_EXERCISE GOAL_. Please write out the listing exactly, leaving each picture out.

[[ MATERIAL PROVIDED open ]]

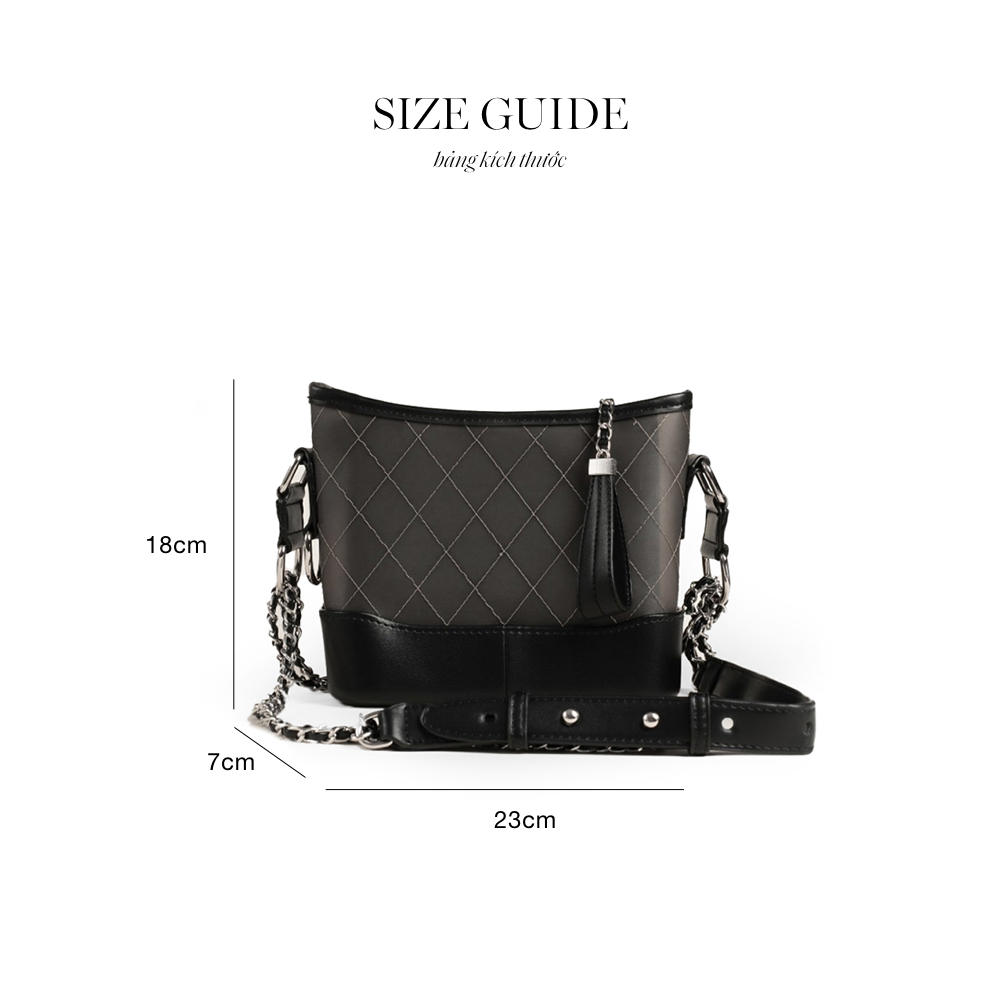 Túi Xách Floralpunk Colette Black Bag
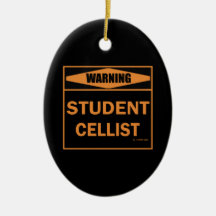 警告! 学生のチェロ奏者!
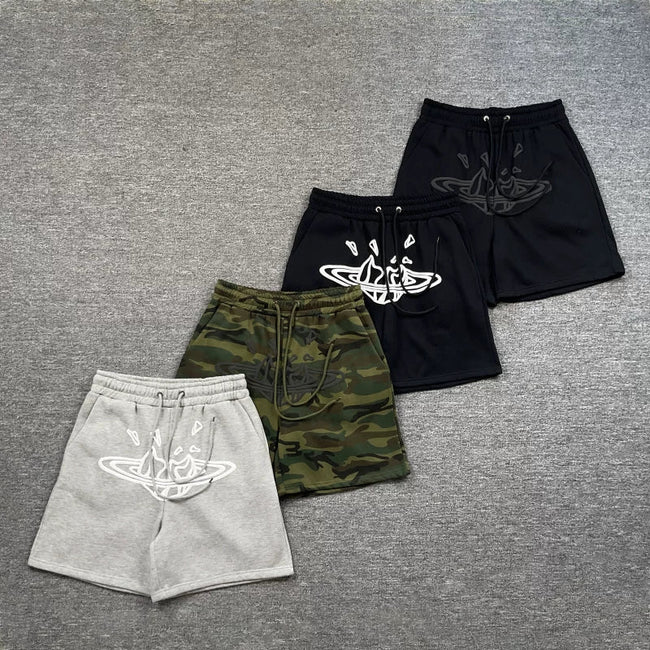 1. Broken Planet Melting Planet Logo Sweat Shorts - 4 Colors Available Hover Image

[[ MATERIAL PROVIDED closed ]]

_TASK ANSWER_.
 Túi Xách Floralpunk Colette Black Bag
 警告! 学生のチェロ奏者!
 1. Broken Planet Melting Planet Logo Sweat Shorts - 4 Colors Available Hover Image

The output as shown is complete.